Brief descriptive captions
*** Begin section ***

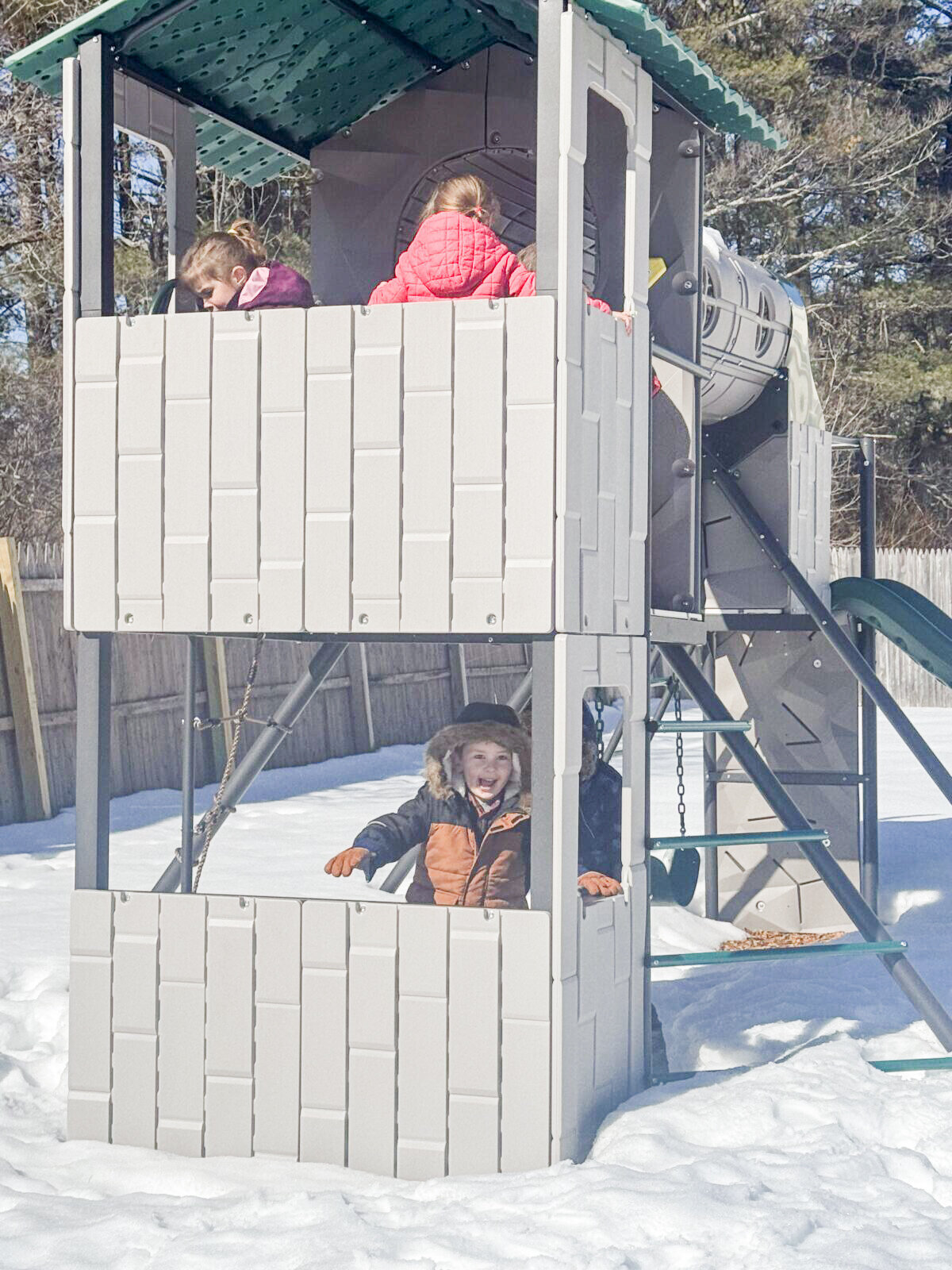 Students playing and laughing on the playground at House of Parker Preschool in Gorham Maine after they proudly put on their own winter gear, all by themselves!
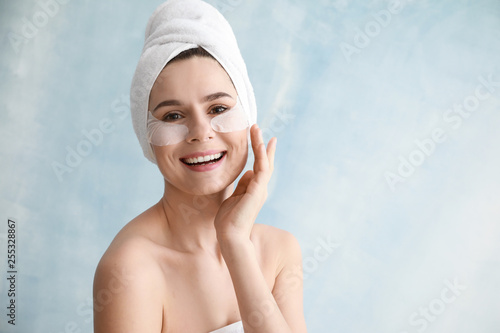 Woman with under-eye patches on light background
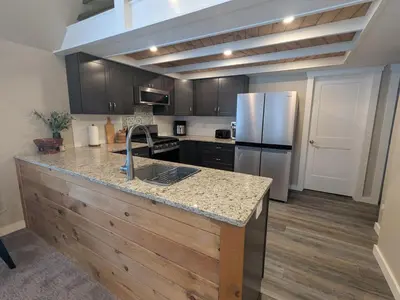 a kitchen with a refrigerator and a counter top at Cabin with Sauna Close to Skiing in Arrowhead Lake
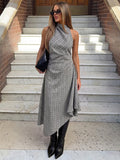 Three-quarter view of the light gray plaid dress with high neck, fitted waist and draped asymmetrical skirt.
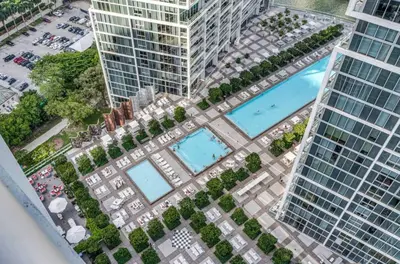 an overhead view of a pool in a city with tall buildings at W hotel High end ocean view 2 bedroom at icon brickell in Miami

*** End section ***

● **What is required**:
Copy out exactly the lines between the line containing "a kitchen with" and the end of the entries, including both, and leave the pictures behind.

● **Task solution**:
 a kitchen with a refrigerator and a counter top at Cabin with Sauna Close to Skiing in Arrowhead Lake
 Three-quarter view of the light gray plaid dress with high neck, fitted waist and draped asymmetrical skirt.
 an overhead view of a pool in a city with tall buildings at W hotel High end ocean view 2 bedroom at icon brickell in Miami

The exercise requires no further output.